Manafort leaves the E. Barrett Prettyman U.S. Courthouse in April. Photo: Chip Somodevilla/Getty Images

Former Trump campaign manager Paul Manafort was found guilty on 8 criminal counts Tuesday, including bank fraud, tax fraud and hiding a foreign bank account. Judge T.S. Ellis declared a mistrial on the other 10 charges.

The big picture: While this is the first case brought to court as a result of special counsel Robert Mueller's investigation into potential Russian interference in the 2016 election, the federal tax and bank fraud charges are not related to Manafort's work with the Trump campaign — they're instead focused on his activities as a lobbyist for Ukraine.
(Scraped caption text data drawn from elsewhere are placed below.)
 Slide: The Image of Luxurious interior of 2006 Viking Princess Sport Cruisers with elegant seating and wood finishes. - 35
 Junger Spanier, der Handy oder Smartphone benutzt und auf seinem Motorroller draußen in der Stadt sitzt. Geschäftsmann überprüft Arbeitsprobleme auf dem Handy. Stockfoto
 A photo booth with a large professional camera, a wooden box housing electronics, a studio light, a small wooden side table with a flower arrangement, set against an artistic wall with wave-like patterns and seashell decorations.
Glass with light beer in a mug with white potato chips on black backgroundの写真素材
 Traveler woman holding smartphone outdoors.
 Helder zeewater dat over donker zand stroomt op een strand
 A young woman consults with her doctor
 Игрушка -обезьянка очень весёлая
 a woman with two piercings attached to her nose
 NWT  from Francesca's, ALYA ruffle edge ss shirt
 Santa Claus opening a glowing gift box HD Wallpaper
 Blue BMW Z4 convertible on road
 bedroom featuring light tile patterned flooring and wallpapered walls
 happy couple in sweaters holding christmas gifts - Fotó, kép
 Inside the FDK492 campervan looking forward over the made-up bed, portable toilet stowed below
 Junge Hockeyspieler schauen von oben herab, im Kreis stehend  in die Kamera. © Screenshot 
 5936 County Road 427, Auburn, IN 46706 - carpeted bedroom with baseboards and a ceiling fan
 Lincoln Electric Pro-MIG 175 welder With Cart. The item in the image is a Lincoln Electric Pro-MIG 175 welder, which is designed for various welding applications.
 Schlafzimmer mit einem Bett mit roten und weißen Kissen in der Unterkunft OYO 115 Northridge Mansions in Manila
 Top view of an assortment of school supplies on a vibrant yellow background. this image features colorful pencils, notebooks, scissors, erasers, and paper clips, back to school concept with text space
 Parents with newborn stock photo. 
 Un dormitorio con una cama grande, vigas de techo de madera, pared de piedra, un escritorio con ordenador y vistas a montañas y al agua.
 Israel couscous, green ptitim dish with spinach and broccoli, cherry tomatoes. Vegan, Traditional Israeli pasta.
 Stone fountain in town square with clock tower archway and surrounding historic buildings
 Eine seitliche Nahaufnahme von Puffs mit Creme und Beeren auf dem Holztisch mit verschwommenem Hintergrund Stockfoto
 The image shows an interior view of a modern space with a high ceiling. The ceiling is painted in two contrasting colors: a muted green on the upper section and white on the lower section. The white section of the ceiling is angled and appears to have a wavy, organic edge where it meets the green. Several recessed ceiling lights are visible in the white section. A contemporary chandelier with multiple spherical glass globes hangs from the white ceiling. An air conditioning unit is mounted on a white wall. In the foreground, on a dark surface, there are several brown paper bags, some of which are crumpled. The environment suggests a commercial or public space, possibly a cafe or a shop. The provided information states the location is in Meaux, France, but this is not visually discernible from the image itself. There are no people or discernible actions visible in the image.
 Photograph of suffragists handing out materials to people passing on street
The details: Manafort was found guilty on five counts of false tax returns, one count of a failure to register a foreign bank account, and two counts of bank fraud. All together, Manafort faces up to 80 years in prison.

Manafort's lawyer appeared before cameras following the verdict saying:

"Mr. Manafort is disappointed for not getting acquittals all the way through or a complete hung jury on all counts. However, he would like to thank Judge Ellis for granting him a fair trial, [and thank the] jury for their very long and hard fought deliberations. He is evaluating all options at this point."

What’s next: Manafort will face a second criminal trial next month in Washington, D.C. on seven other charges brought by Mueller, including failure to register as a foreign agent, obstruction of justice and money laundering.

President Trump reacted to the guilty verdict, saying "this has nothing to do" with Russian collusion and that he feels "very badly" for Manafort.